Copy every entry below exactly as it appears, leaving out the images.
(Source data Opens)
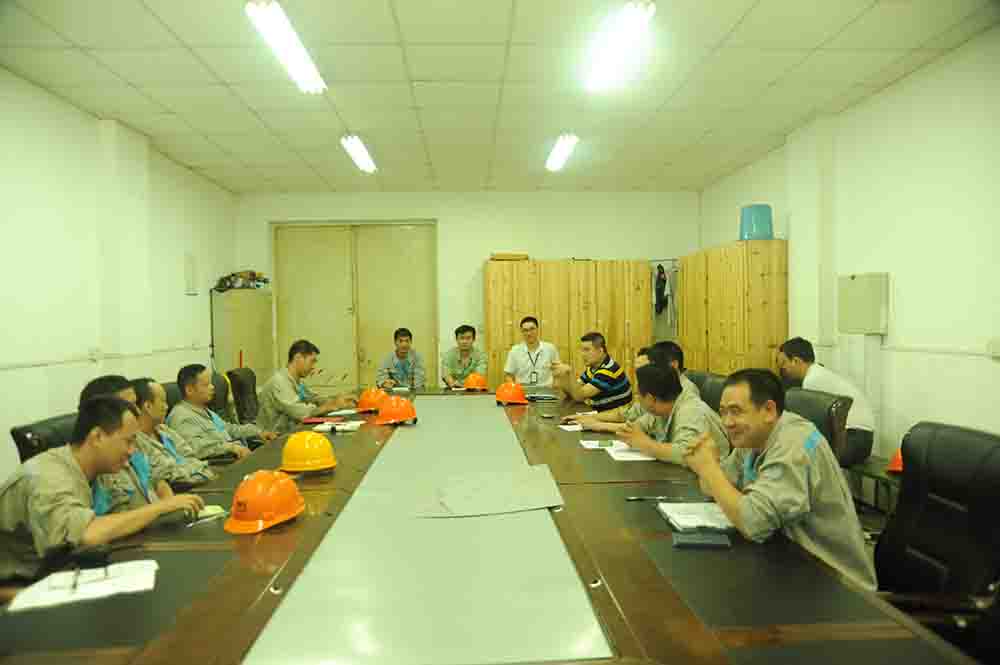 華美板材“持續改進（jìn）、業務領先” 先進表彰（zhāng）活動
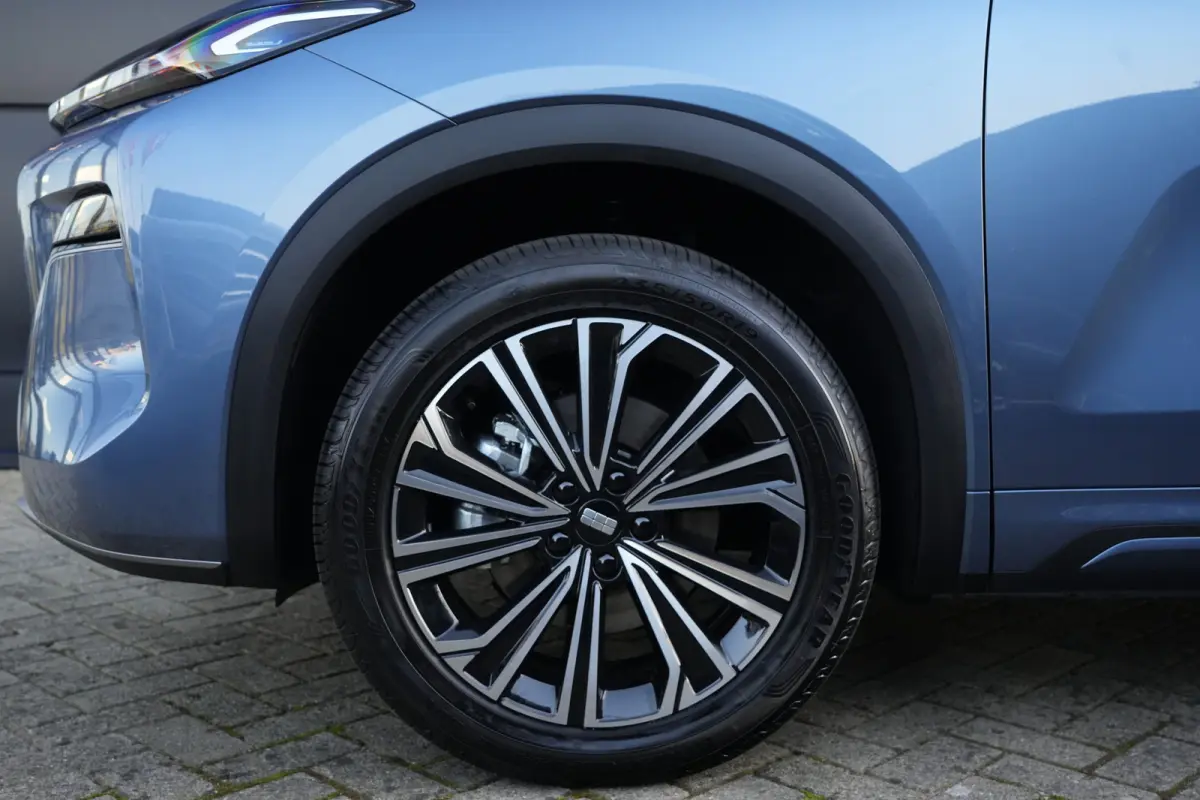 1.5 Max+ | PHEV | 262 PK | Panoramadak | 360° camera | Stoelverwarming & -ventilatie | Massage | GEELY Starray EM-i 1.5 Max+ 262 PK met 1.5 liter 4-cilinder hybride benzinemotor, panoramada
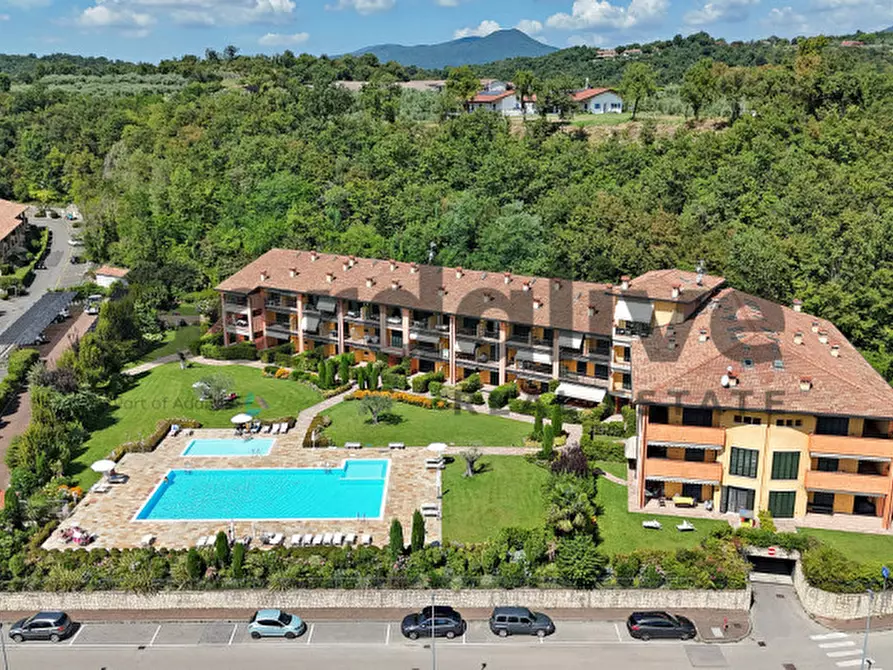 Immagine 45 di Appartamento in vendita  in via borgo alto a Puegnago Sul Garda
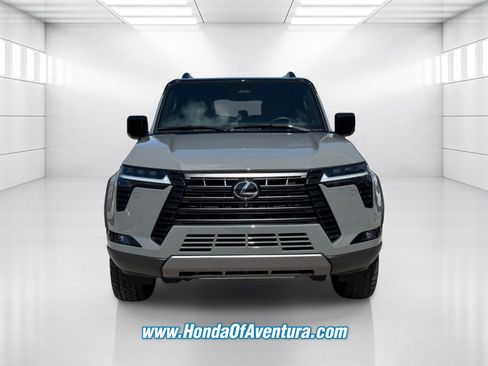 Used 2024 Lexus GX 550 AWD/4WD image 2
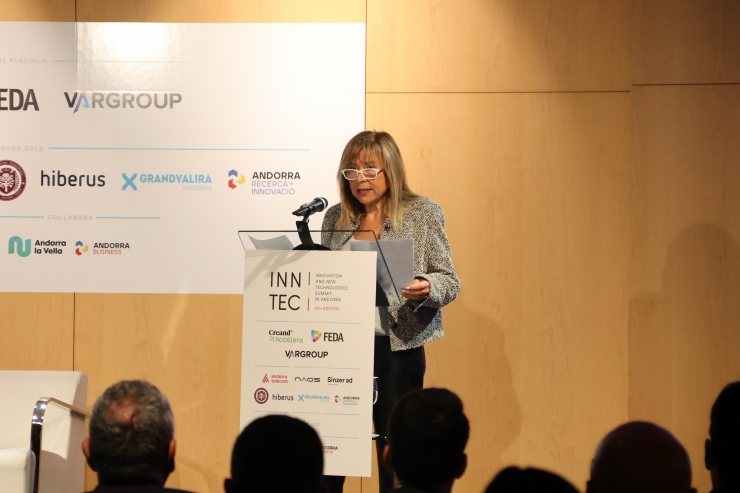 La ministra de presidència, economia, treball i habitatge, Conxita Marsol, durant l'acte.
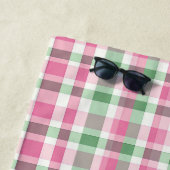 Preppy Pink und Green Kariert Monogram Strandtuch (Beispiel)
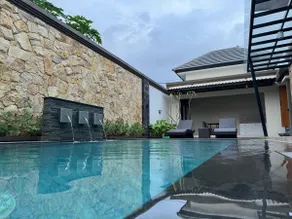Villa in Banyuwangi City, Private Pool - Image 4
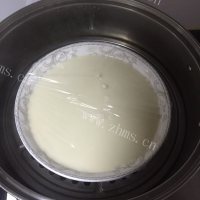 自制瓜子奶黄馅冰皮月饼做法图解5)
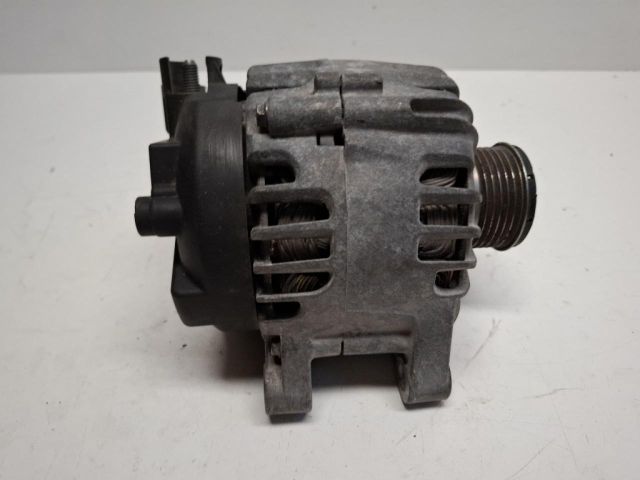 bontott FORD FIESTA VI Generátor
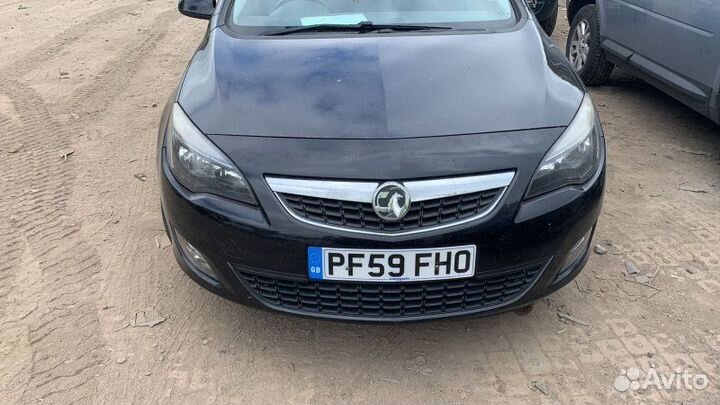 Ноускат в сборе бампер передний Opel Astra J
(Source data Closes)
**Answer box:**
 華美板材“持續改進（jìn）、業務領先” 先進表彰（zhāng）活動
 1.5 Max+ | PHEV | 262 PK | Panoramadak | 360° camera | Stoelverwarming & -ventilatie | Massage | GEELY Starray EM-i 1.5 Max+ 262 PK met 1.5 liter 4-cilinder hybride benzinemotor, panoramada
 Immagine 45 di Appartamento in vendita  in via borgo alto a Puegnago Sul Garda
 Used 2024 Lexus GX 550 AWD/4WD image 2
 La ministra de presidència, economia, treball i habitatge, Conxita Marsol, durant l'acte.
 Preppy Pink und Green Kariert Monogram Strandtuch (Beispiel)
Villa in Banyuwangi City, Private Pool - Image 4
 自制瓜子奶黄馅冰皮月饼做法图解5)
 bontott FORD FIESTA VI Generátor
 Ноускат в сборе бампер передний Opel Astra J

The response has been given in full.